Quando chiesi di parlare al tavolo con Garrone, Della Valle, Zamparini, e Zamparini mi chiese che esperienza avessi per parlare. Magari loro impiegavano 10 anni per capire una cosa, io ci mettevo un minuto. Il calcio ha perso il romanticismo, ha delle potenzialità incredibili dal punto di vista economico e anche valoriale. Al Bayern mi hanno guardato male quando ho detto che fatturavamo 200 milioni, li abbiamo battuti e significa che le idee possono prevalere. Bisogna applicare le regole, attraverso il merito”.

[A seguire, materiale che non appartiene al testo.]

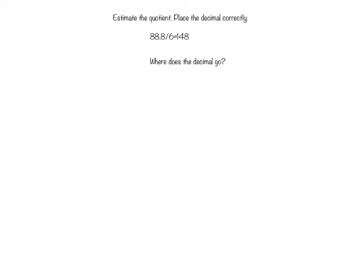Estimate the quotient. Place the decimal correctly. Where does the decimal go?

“Berlusconi era un amico fraterno e mi indirizzò sulla Lazio, i fatti hanno dimostrato che era salvabile. Guardate il Napoli o altre squadre, prese a due spicci. Le squadre di calcio coinvolgono tifosi, giornali, ma devono rappresentare un modello di vita, di come fare gli imprenditori. Il tempo dimostra che chi si sacrifica ottiene i risultati, è un problema di testa. Dopo la transazione col fisco, la rivalutazione del marchio. La terza cosa fu la seguente. Quando c’era Stendando avevamo le panche di legno, ma c’era un altro entusiasmo, oggi si perseguono solo gli interessi economici e materiali, ed è sbagliato. La Lazio ha vinto la Supercoppa contro l’Inter del Triplete, contro la Juventus, vale triplo. Stiamo costruendo il nostro futuro, siamo formiche, non serve fare la cicala. Partiamo con l’Academy, abbiamo una delle strutture più belle a livello femminile, lo ha detto anche Infantino, perché vogliamo valorizzare i giovani, che sono un volano economico e anche un investimento sulla qualità delle persone”.

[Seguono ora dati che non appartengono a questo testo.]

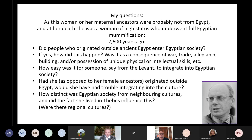I must end by thanking Konstantina for allowing me to present her work, but I take full responsibility for the interpretation I have given in this talk. Thank you.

Siamo rimasti in 3-4, io, De Laurentiis, Cairo, ancora manteniamo in piedi l’italianità e l’orgoglio di essere italiani. Io volevo acquistare l’Alitalia, credevo fosse sanabile, parliamo di tanto tempo fa. Dissi che si confrontavano una realtà imprenditoriale basata sui fondi, e il sottoscritto che era un artigiano con il suo scalpellino.
Io ho rifiutato perfino 140 milioni per Milinkovic, vendendolo a 40. Avevo fatto una promessa a Inzaghi e l’ho mantenuta. Modello di società? Il Bayern. 800 milioni di fatturato, 85 dai diritti tv, per il resto è botteghino, merchandising, incassi. Una macchina da guerra”.